Simple conversion of RDKit Mol instance into a SMILES string. Wrapped in case some standardization/postprocessing needed.

Parameters: mol – RDKit Mol instance
Returns: SMILES string

fip.chem.rdmol_bonds2fragment_smiles(mol, bonds, *, all_bonds_explicit=False, canonical_smiles=True, isomeric_smiles=False, all_H_explicit=True)

Generates a fragment in SMILES notation from a molecule given as an RDKit Mol instance, based on the provided bond IDs within the molecule.

Parameters

mol – the molecule containing the fragment, as RDKit Mol
bonds – a set of bonds that are part of the fragment
all_bonds_explicit – boolean indicating whether all bond orders will be explicitly stated in the output. Default False.
canonical_smiles – boolean indicating whether the fragment should be attempted to make canonical. Default True.
isomeric_smiles – boolean indicating whether to include stereo information in the fragments. Default False.
all_H_explicit – boolean indicating whether to explicitly include all hydrogen atoms. Default False.

Returns

a SMILES string of the fragment, None if there are no atoms matched

fip.chem.rdmol_has_substructure_pattern(rdmol, pattern)

Direct wrap of RDKit HasSubstructMatch. Wrapped in case some standardization/postprocessing needed.

Parameters

rdmol – RDKit Mol instance to search the pattern in
pattern – the pattern to search, also in RDKit Mol form

Returns

bool or None (in case of RDKit Mol instance error)
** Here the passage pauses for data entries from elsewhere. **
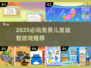🎯2025必玩！儿童益智游戏TOP榜💥免费推荐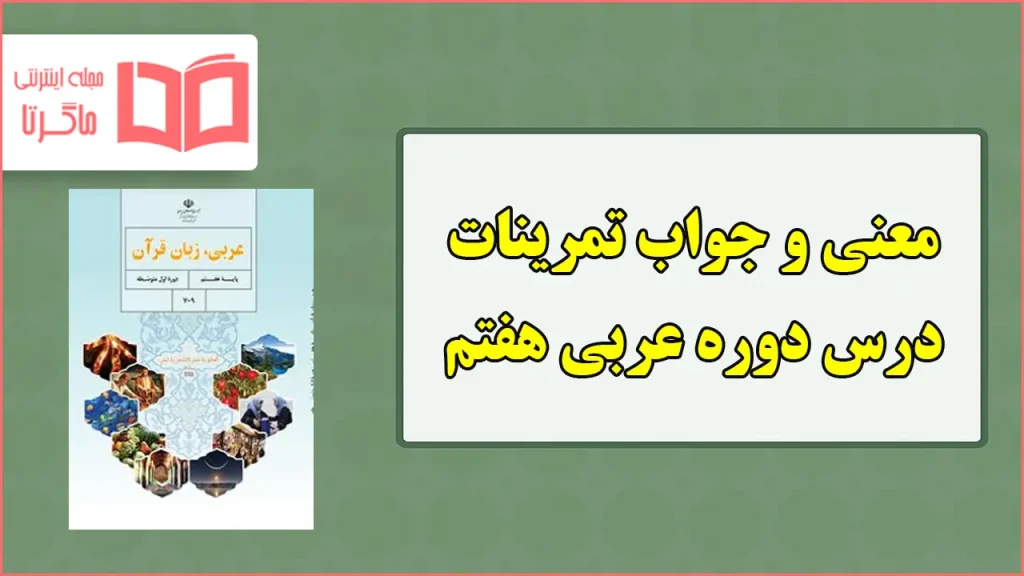 جواب و ترجمه تمرین های دوره (للمطالعه) عربی هفتم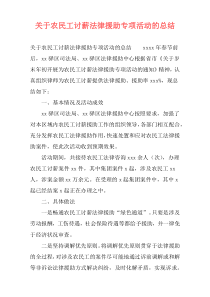 关于农民工讨薪法律援助专项活动的总结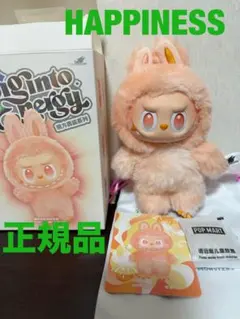 time 出品♡ラブブ　エナジー　LOVE&LOYALTY 2体 POP MART Official(Japan)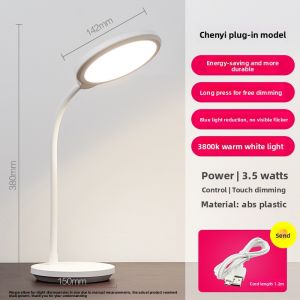 OPPLE | AAAAA Grade Full Spectrum Eye Protection Lamp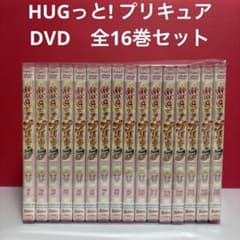 HUGっと! プリキュア 初回限定版 DVD 全16巻セット - メルカリ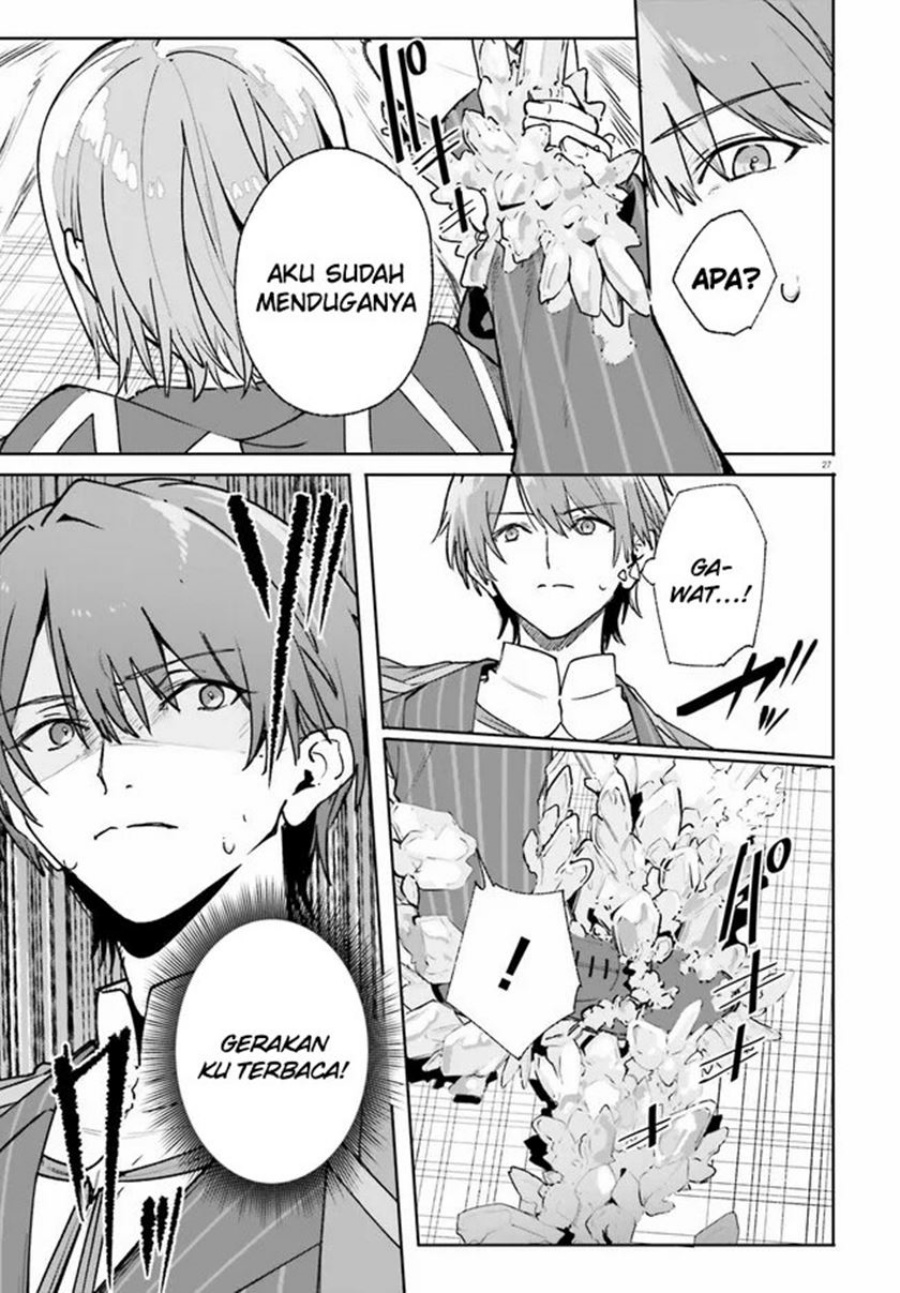 Majutsushi Kunon wa Miete Iru - Chapter 36.2 14 Majutsushi Kunon wa Miete Iru - Chapter 36.2 14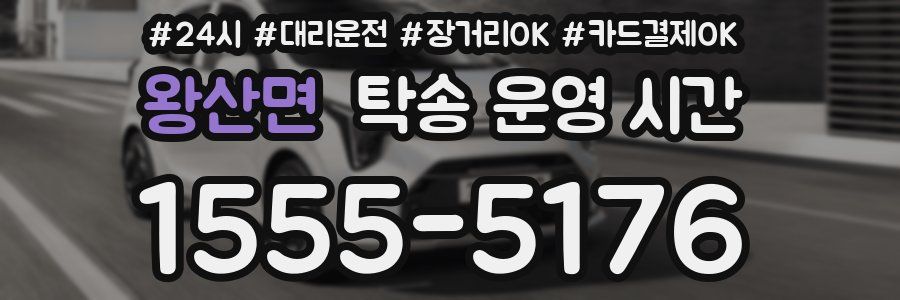 왕산면 탁송 운영 시간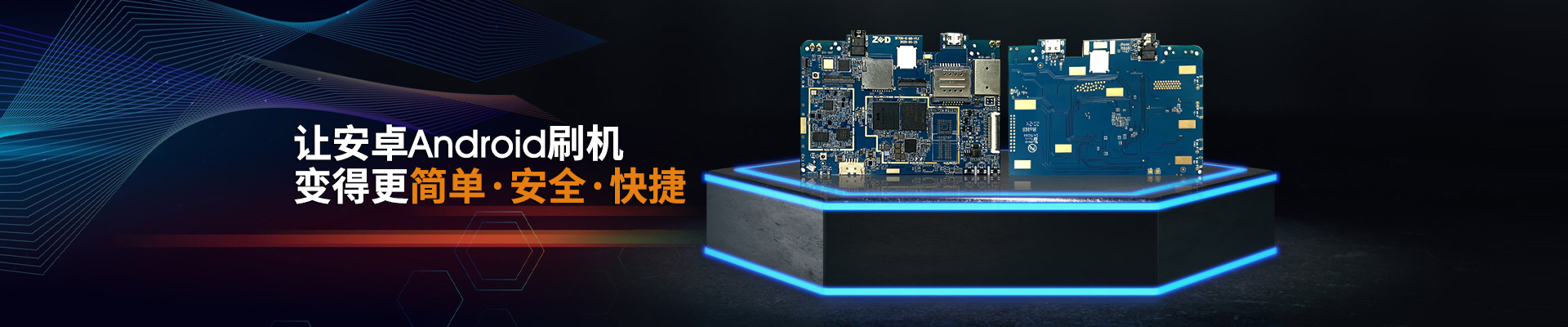 澤迪-讓安卓Android刷機(jī) 變得更簡單·安全·快捷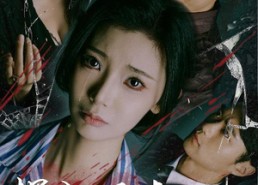 【挥之不去的梦魇】29集短剧完整版在线观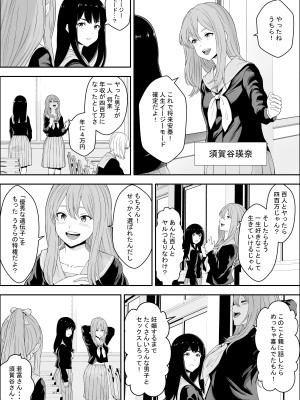[フリーダムプロフェット] 特別妊娠学級_04
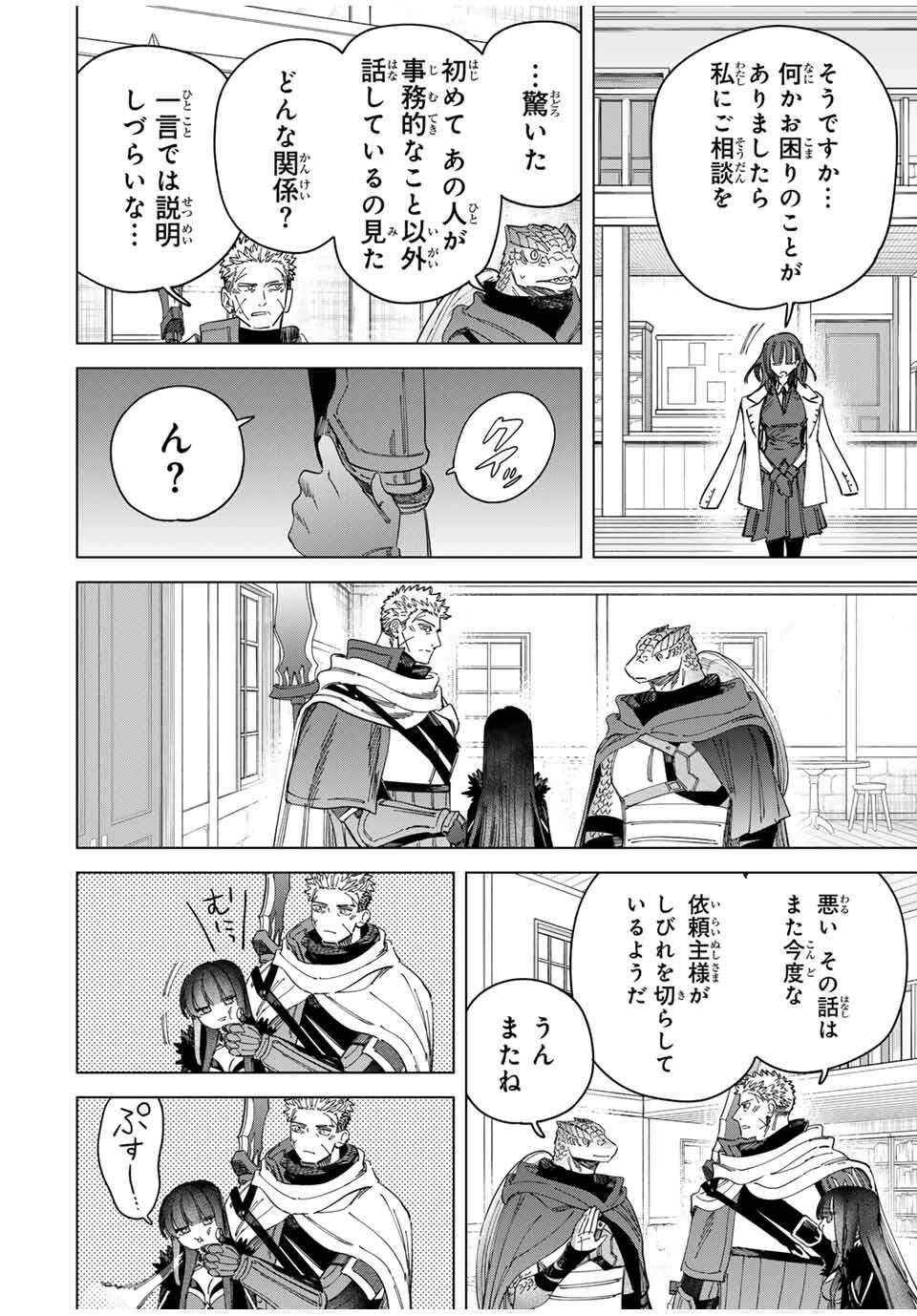 P14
fip.chem.rdmol_locations2fragments_smiles(mol, fragment_locations, min_radius=0, *, all_bonds_explicit=False, canonical_smiles=True, isomeric_smiles=False, all_H_explicit=True)

Generates a set of fragments in SMILES notation from a molecule given as an RDKit Mol instance, based on provided atom indices and radii.

Parameters

mol – the molecule for fragmenting, as RDKit Mol
fragment_locations – an iterable of fragment locations, in (atom, radius) tuples
min_radius – minimal feature radius to consider, default 0. Can be set to ignore lower-scope features.
all_bonds_explicit – boolean indicating whether all bond orders will be explicitly stated in the output. Default False.
canonical_smiles – boolean indicating whether the fragment should be attempted to make canonical. Default True.
isomeric_smiles – boolean indicating whether to include stereo information in the fragments. Default False.
all_H_explicit – boolean indicating whether to explicitly include all hydrogen atoms. Default True.

Returns

a set of SMILES strings

fip.chem.sdf2rdmols(sdf_path)

Converts an SDF file to RDKit Mol instances. Wrap of RDKit SDMolSupplier, modified to omit RDKit Mol instances that can’t be parsed.

Parameters: sdf_path – Path to the SDF file
Returns: a generator yielding RDKit Mol instances

fip.chem.smarts2rdmol(smarts)

Simple conversion of SMARTS string into a RDKit Mol instance. Wrapped in case some standardization/postprocessing needed.

Parameters: smarts – SMARTS string
Returns: RDKit Mol instance

fip.chem.smiles2rdmol(smiles)

Simple conversion of SMILES string into a RDKit Mol instance. Wrapped in case some standardization/postprocessing needed.

Parameters: smiles – SMILES string
Returns: RDKit Mol instance

fip.chem.standardize_mol(mol, *, remove_hydrogens=True, remove_stereo=True)

Simple structure standardization.

Parameters

mol – RDKit Mol instance to standardize
remove_hydrogens – whether to remove all hydrogens using RDKit RemoveAllHs
remove_stereo – whether to remove stereo information using RDKIt RemoveStereochemistry

Returns

standardized RDKit Mol instance

fip.profiles module

class fip.profiles.CooccurrenceProbabilityProfile(df, *, zscore=False, min_cutoff_value=None, **kwargs)

Bases: fip.profiles.InterrelationProfile

A co-occurrence probability profile, holding information about the observed probabilities for feature pair co-occurrences within the characterized set.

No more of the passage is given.